▸ **ABOUT THIS EXERCISE**: An exact copy of each line below is needed, with no images in it.

▸ **INFORMATION PROVIDED**:
┌────────

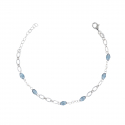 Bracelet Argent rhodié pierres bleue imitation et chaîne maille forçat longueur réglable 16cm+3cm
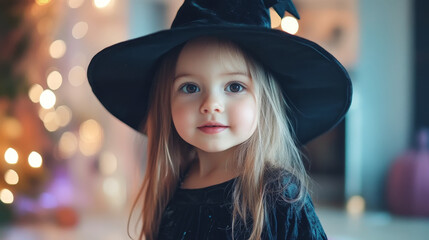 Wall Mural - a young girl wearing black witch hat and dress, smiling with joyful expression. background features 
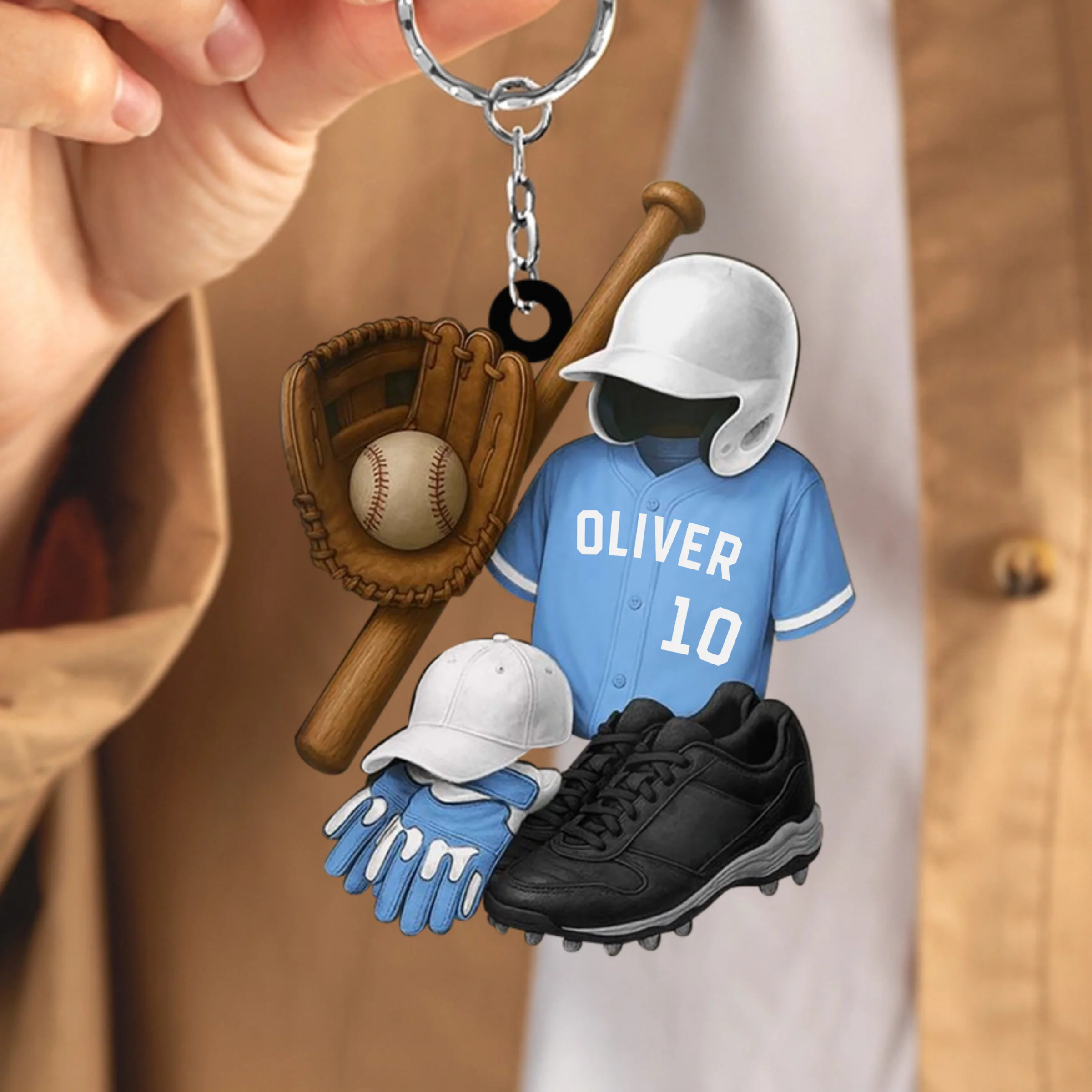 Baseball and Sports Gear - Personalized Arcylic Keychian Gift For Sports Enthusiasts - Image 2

└────────

▸ **RESPONSE TO THE EXERCISE**:
 Bracelet Argent rhodié pierres bleue imitation et chaîne maille forçat longueur réglable 16cm+3cm
 Wall Mural - a young girl wearing black witch hat and dress, smiling with joyful expression. background features 
 Baseball and Sports Gear - Personalized Arcylic Keychian Gift For Sports Enthusiasts - Image 2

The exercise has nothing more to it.